Apparently, I am late to the dual screen game. In an October 2005 article, usability firm 37 Signals report that giving a subject a bigger screen led to a 10 – 44 % increase in productivity; Microsoft claim in an undated article that using two screens instead of one leads to a 9 – 50 % increase in productivity.

Microsoft and 37 Signals (a Microsoft supplier) may not be one hundred percent objective here. So I don’t know if claims about increased productivity are true for everyone. But a thing that I did discover, and that makes it relevant to the digital library, is that with two or more screens, reading documents off the screen, in their glorious digital format, became a useful substitute for printing documents and putting them next to me on the desk. I started to employ space vertically instead of horizontally.
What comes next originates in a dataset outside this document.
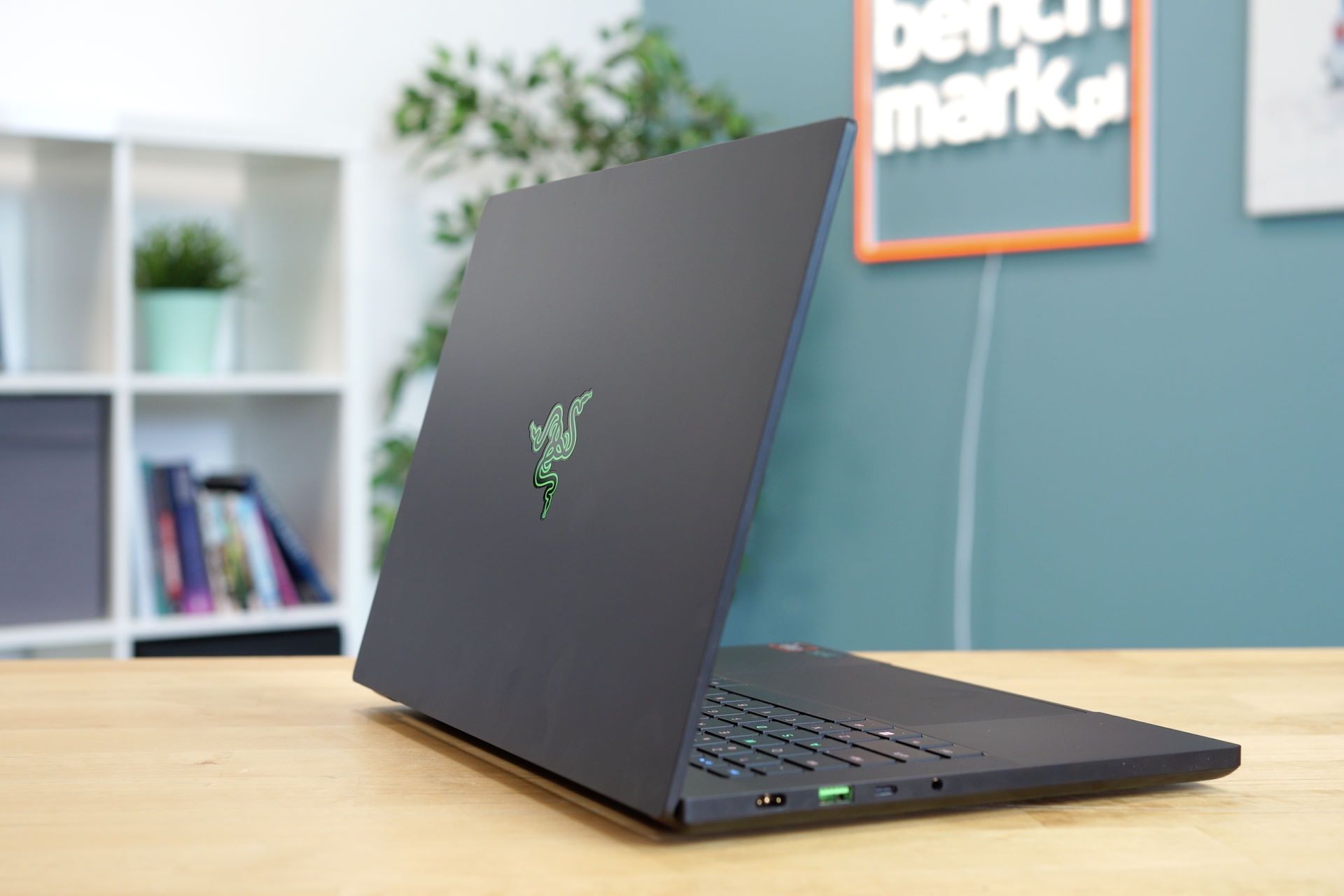 Razer Blade 14 RZ09 0508 - pokrywa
Here’s my professional problem: as a web developer I have to somehow meld a functional design, an interactive design and a graphical design into a working website; and since I don’t know everything, I need several manuals and specifications around to aid me. Having one screen for reading, and one for working already helps a lot.

Of course, and as an aside: having two screens on the desktop (or one 24 inch whopper) still doesn’t mean that two half E Ink screens are more useful than one full one. Still, the Teleblog commenters came up with some interesting explanations of why a dual E Ink screen could be good, even when I had posed the question with tongue firmly planted in cheek.